Furthermore, and highly relevant when considered in comparison with traditional definitions of both character and virtue, values are not typically tied to a particular moral code or standard. More specifically, values are considered by many to be primarily situationally determined (cf., Mone & McKinley, 1993), once again reinforcing the notion that, as most commonly considered today, values are devoid of any strict adherence to particular moral codes or standards (Wright & Wright, 2001).
Hunter (2000: xiii) goes even further in his criticism of values-based scientific inquiry in proposing that “Values are truths that have been deprived of their commanding character. . . .The very word ‘value’ signifies the reduction of truth to utility, taboo to fashion, conviction to mere preference; all provisional, all exchangeable.”Similar to the term lifestyle, values epitomize a world where nothing is sacred (Hunter, 2000). Some might consider Hunter’s conjecture that the widespread rise in popularity of values-based research in the social sciences is directly responsible for the commensurate decline in interest in character (and virtue) as extreme,but he presents a coherent,well-reasoned argument to document his case.

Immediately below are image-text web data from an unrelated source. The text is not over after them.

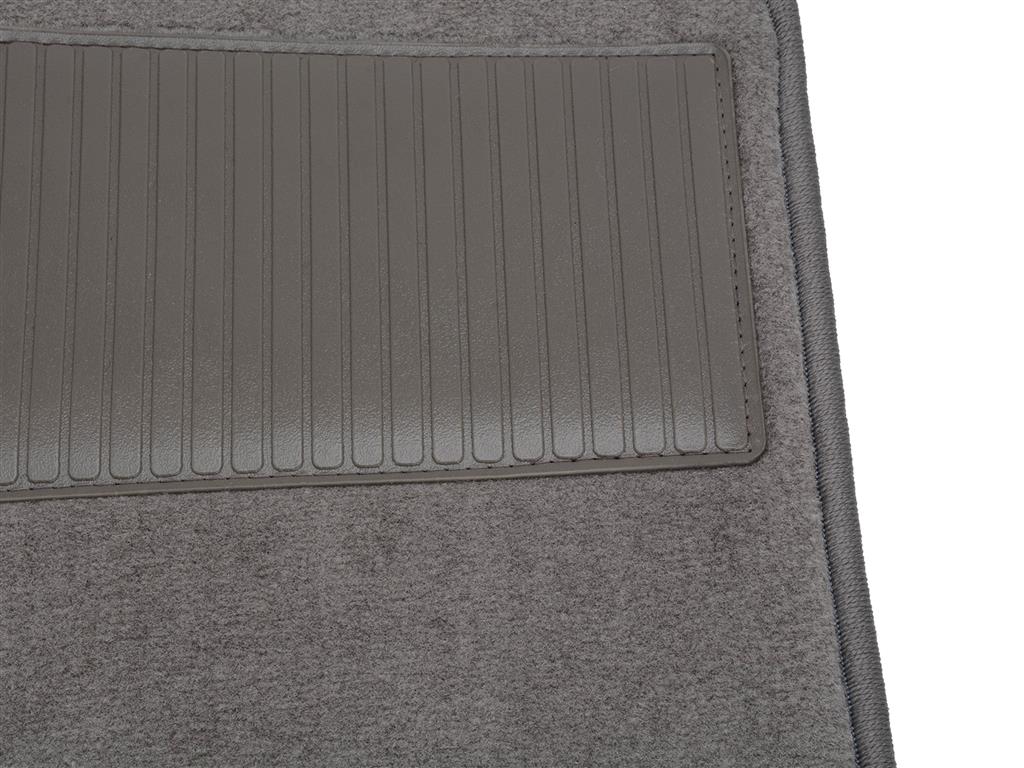1997-2007E Floor Mats - Factory GM Style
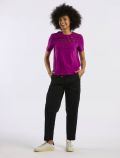 Pantalone Yes Zee - nero - 1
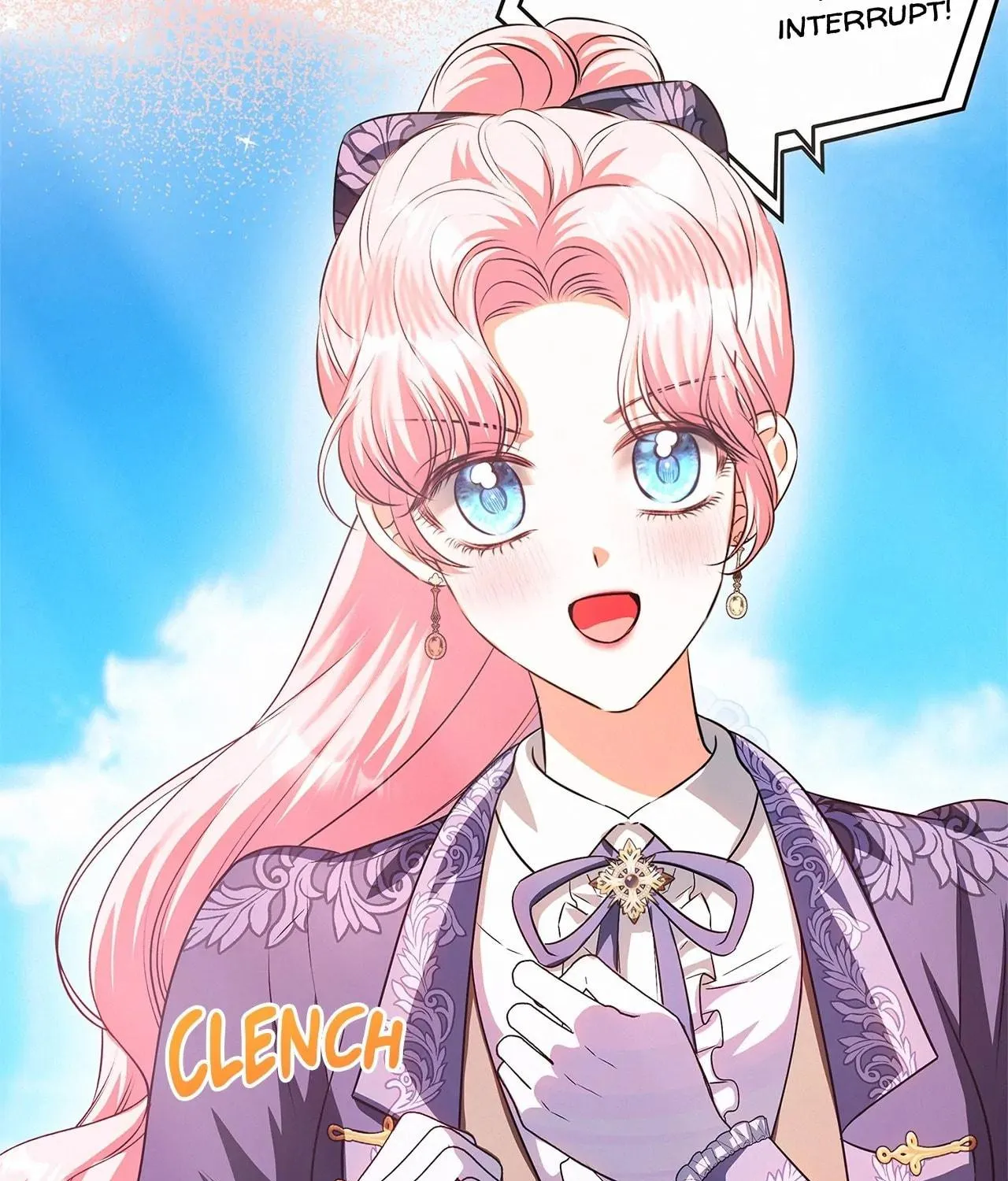 Read I guess I got married wrong. chapter 35 image 22 on Lezhin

I found the above segments interesting, due to my experience in strategic planning for many different kinds of organizations. When I work with executives on Mission, our reason for being, and Vision, where we want to be in X years, they are extremely excited and engaged. But when we talk about defining our core values, almost everyone checks out. It’s easy to know why. In most organizations, core values bear no relationship to the actual activities of the company. A company says its values are innovation or integrity, but it puts little funding into R&D; and has a sleazy sales force, so everyone knows that the values are a lie at worst, an HR exercise at best, not something to live by.
The discussion I have with people to help hone in on their true core values has always been — what is so important to you personally, that if you had to compromise it in order to keep your company in business, you wouldn’t compromise it, and you’d let your company fail? Individual execs in senior leadership positions can come up with answers to that, but the problem is, it’s different for everyone in the room, and getting folks to agree is an exercise in compromise. Values, as a subset of character or virtue, only really work when they’re embodied by the leader, and when they are constantly communicated and reinforced by the leadership of the organization, and when leadership regularly demonstrates how those values were part of a business decision. There are a few companies that do this well — the CEO’s of Patagonia and Smith and Hawken come to mind — but it’s harder as a company gets larger. But Google and Apple seem to do this well, and GE does to a lesser extent. The problem is consistently reinforcing values also means that when you get an employee who does not embody those values, he needs to either change his behavior or leave the company. If his performance is good, well, most people will be willing to compromise on those values. So are they truly important?